Marriage is one of God’s greatest gifts, but it is also one of life’s greatest responsibilities. It is beautiful, but it is not easy. Over the years, whether by observation, conversations with couples, or simply reflecting on life and ministry, I have seen that marriages often break down for familiar reasons. Communication fails, trust is broken through infidelity and financial pressure creates strain, resentment, and conflict. These things are real, and they have torn many homes apart.

Poor communication slowly erodes intimacy, most marriages do not collapse overnight. They weaken gradually when husbands and wives stop listening, stop speaking truthfully, or stop making time for meaningful conversations. In our fast paced world, especially in a city like ours where work, traffic, deadlines, and responsibilities constantly compete for our attention, it is easy for couples to live in the same house yet drift into separate worlds. You can share a bed and still feel distant. You can talk about bills, schedules, and children, yet never really speak to each other’s hearts. When communication breaks down, misunderstanding grows and when misunderstanding grows, bitterness often follows.

Infidelity is another painful reason many marriages fail. It is not only a physical betrayal. Sometimes it begins in the heart, in secrecy, in emotional attachment, in unchecked desires, or in the subtle belief that something outside the marriage can give what only covenant faithfulness was meant to protect and nourish. We live in a world where temptation is no longer difficult to access, it is everywhere.
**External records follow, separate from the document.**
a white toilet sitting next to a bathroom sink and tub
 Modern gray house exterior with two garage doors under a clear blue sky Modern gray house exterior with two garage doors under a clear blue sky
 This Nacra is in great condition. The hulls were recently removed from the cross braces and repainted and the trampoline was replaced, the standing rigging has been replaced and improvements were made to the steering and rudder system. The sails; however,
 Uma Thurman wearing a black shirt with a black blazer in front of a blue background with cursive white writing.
Technology has made secrecy easier, and culture has made compromise seem normal. But sin never stays small, it promises excitement, then leaves devastation. It wounds trust, injures children, and leaves scars that can last for years.
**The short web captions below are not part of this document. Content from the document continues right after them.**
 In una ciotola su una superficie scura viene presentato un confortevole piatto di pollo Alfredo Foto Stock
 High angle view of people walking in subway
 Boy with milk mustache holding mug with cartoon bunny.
Then there are finances. Money has a way of exposing what is already happening in the heart. A lack of contentment, hidden debt, pride, selfishness, materialism, and differing priorities often surface when couples deal with money. In many Filipino homes, financial pressure is intense. There are bills to pay, children to raise, parents to support, emergencies to prepare for, and a constant temptation to compare ourselves with others. Some couples fight because there is too little money while others fight because money has quietly become too important. In both cases, finances can become a battleground.

But while communication, infidelity, and finances are among the top reasons marriages fail, I believe there is one great reason marriages last: Jesus Christ. Not religion, not mere church attendance, bot Christian vocabulary, Jesus Himself.
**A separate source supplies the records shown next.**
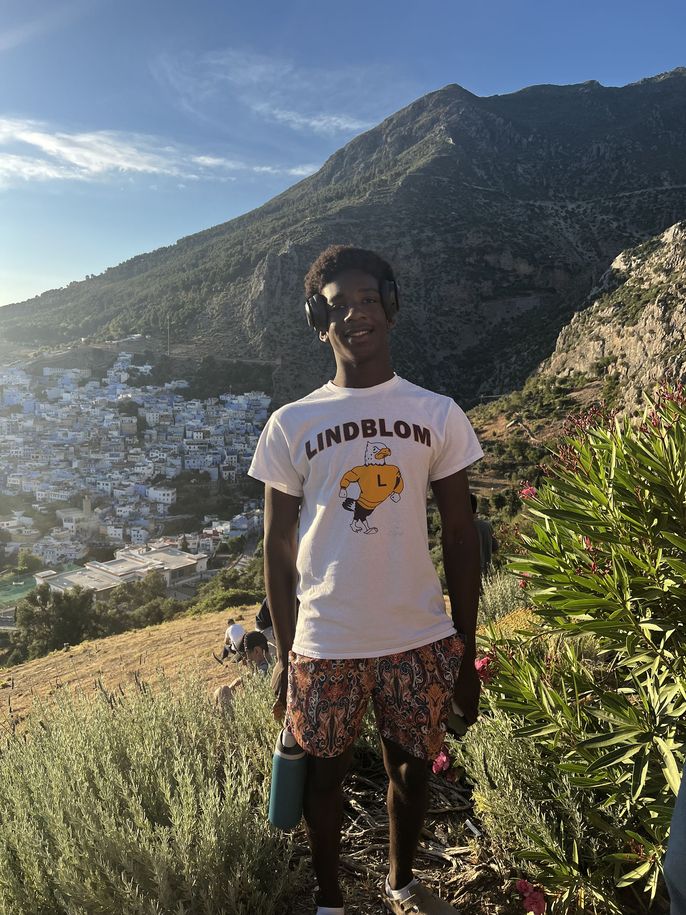 rabat_academy-t-shirt-student-smiling-landscape-morocco.jpeg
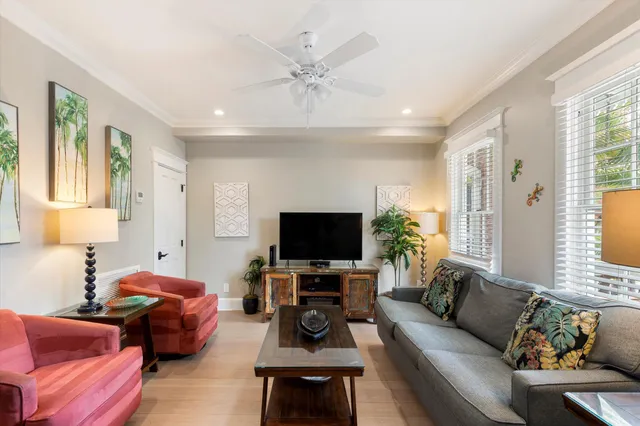 a living room with furniture and a flat screen tv with wooden floor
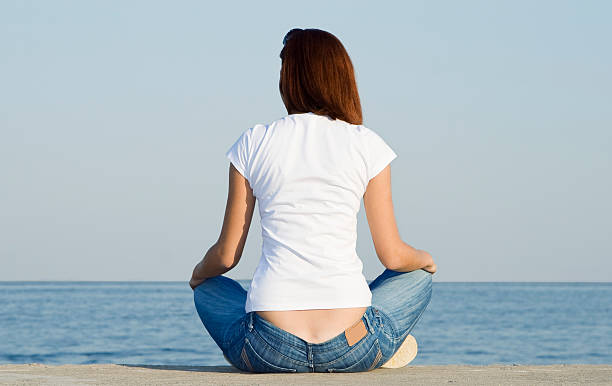 istock Young female looking to the ocean 464846459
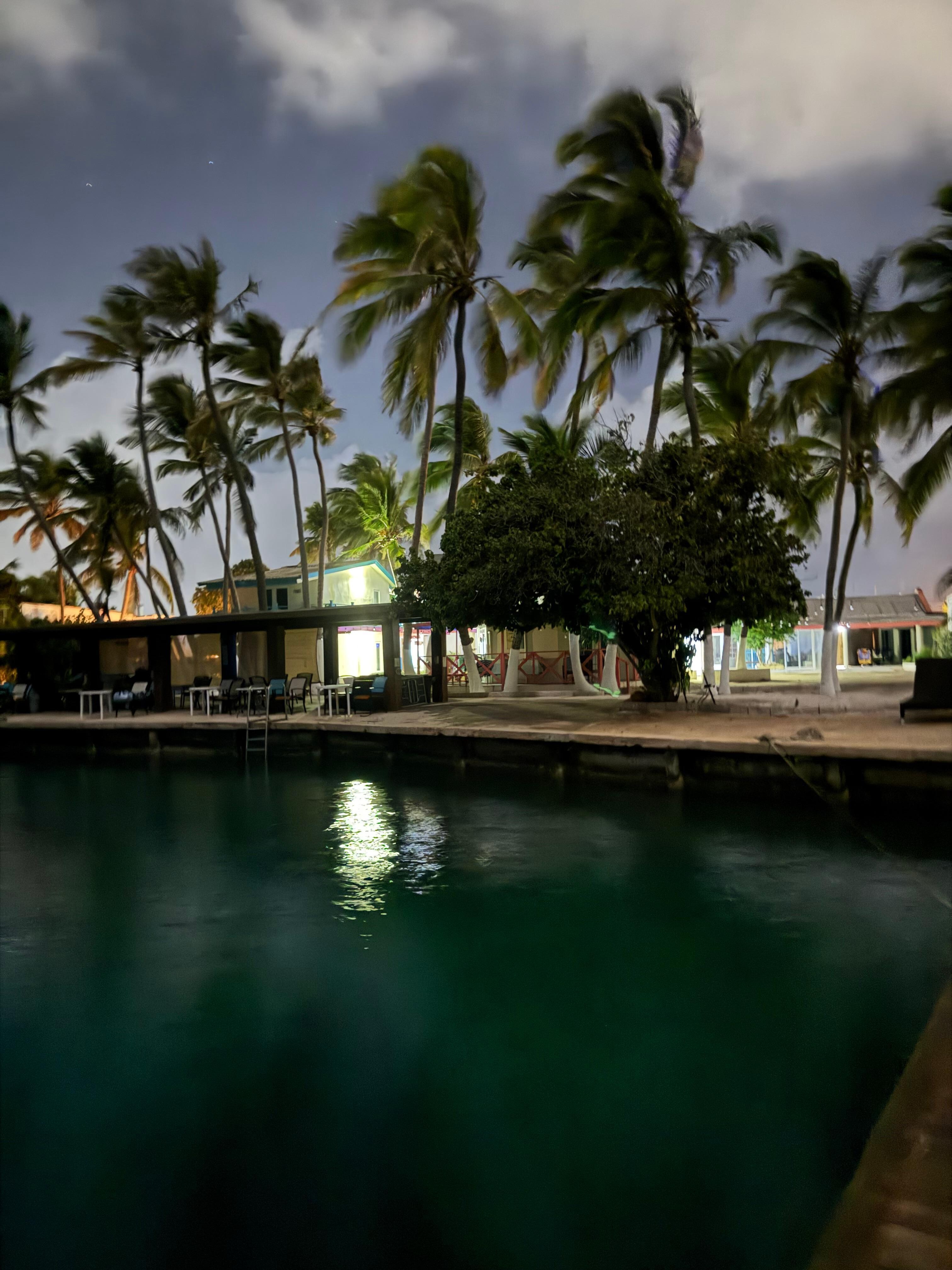 View of property at night from the floating massage deck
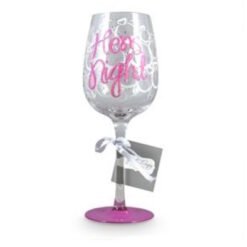 Decorated stemmed glass with pink script text and a small gift tag tied to the stem.
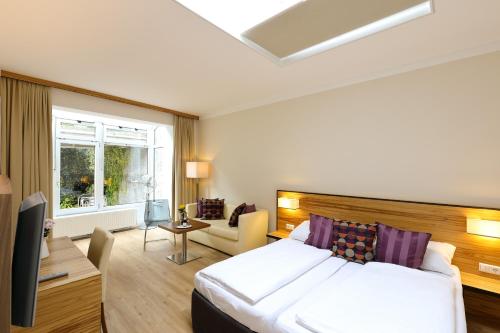 Фотография гостиницы Das Jedermann Boutiquehotel mit Stadtgarten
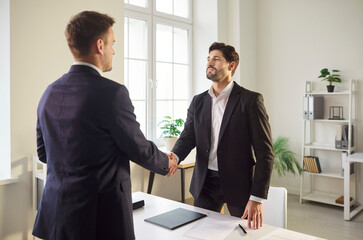 Confident man shaking hands with his partner standing in office celebrating success or making a good deal signing a contract. Young cheerful male company employees reaching agreement on meeting.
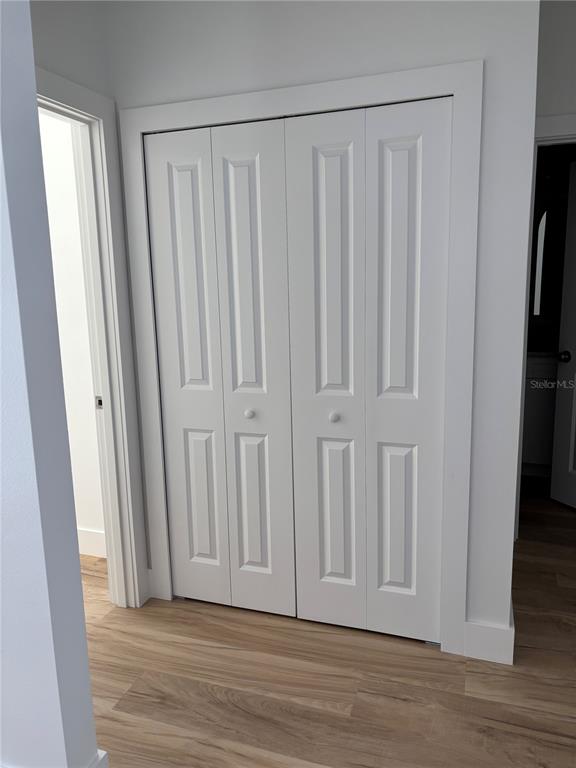 317 Quail Avenue Sebring, FL 33870 - Photo 18 of 19 a view of a door with wooden floor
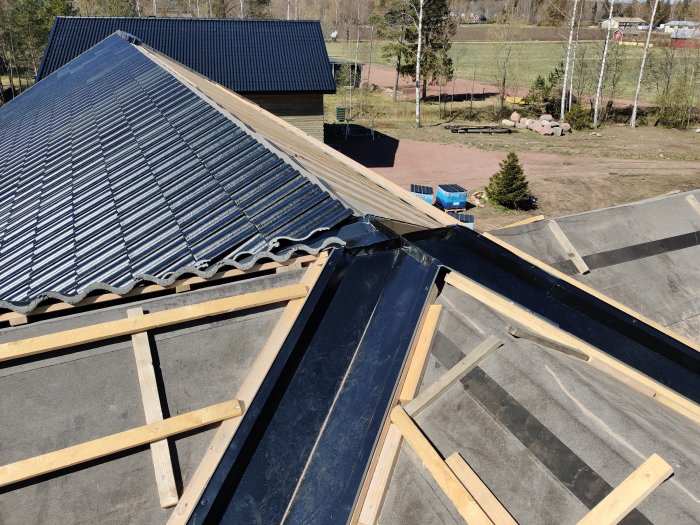 Ränndalsplåtar monterade på husnock med pågående takarbete, läkt och halvt lagt taktegel.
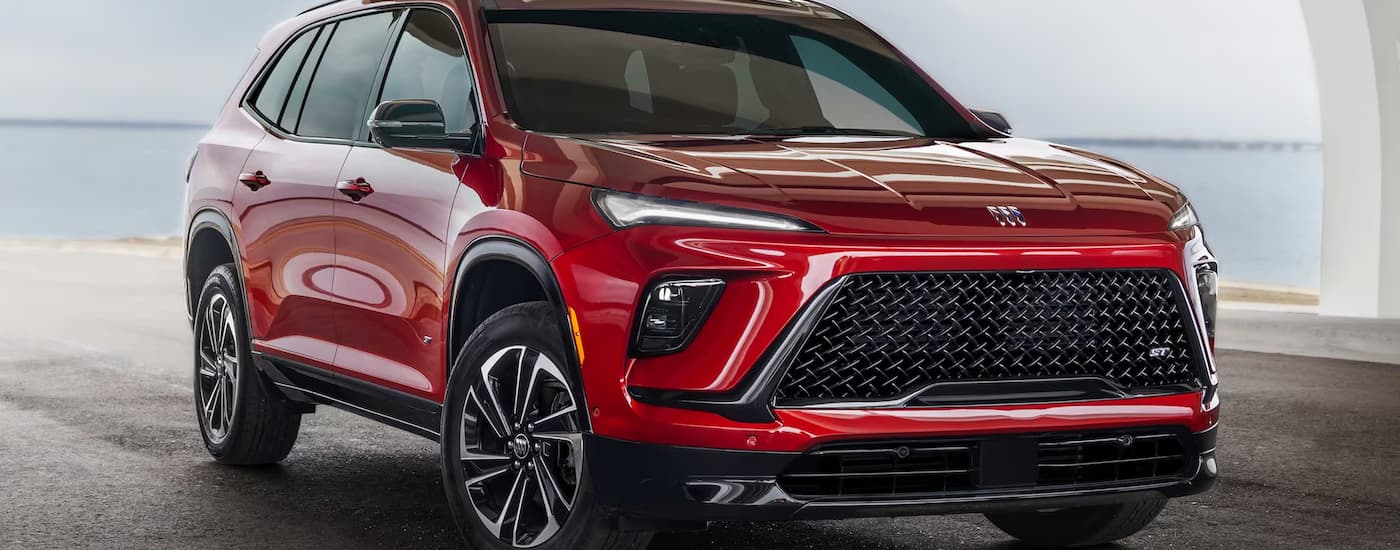A red 2025 Buick Enclave is parked on pavement.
A marriage lasts not because two people are naturally compatible all the time, but because they are sustained by a God who is faithful all the time. A strong marriage is not built on feelings alone, because feelings rise and fall. It is not built on romance alone, because romance needs renewal. It is built on covenant, grace, repentance, forgiveness, humility, and love that is shaped by the presence of the Lord.

When Jesus Christ is at the center of a marriage, communication changes because pride is confronted. A husband learns to listen, not just react. A wife learns to speak with grace, not just frustration. Both learn that winning an argument is far less important than protecting unity. When God is at the center, fidelity is strengthened because the fear of the Lord becomes greater than the pull of temptation. A spouse understands that faithfulness is not merely loyalty to a person, but worship before God. When Jesus is at the center, finances are handled differently because money is seen for what it truly is: a resource, not a source. Couples begin to ask not only, “What do we want?” but also, “What would honor God?”

God does not remove all marital challenges, but He gives couples what they need to endure them. He gives wisdom when emotions run high, He gives grace when we fail, He gives conviction when our hearts wander, He gives strength when life becomes overwhelming. Most of all, He reminds us that marriage was never meant to survive on human effort alone.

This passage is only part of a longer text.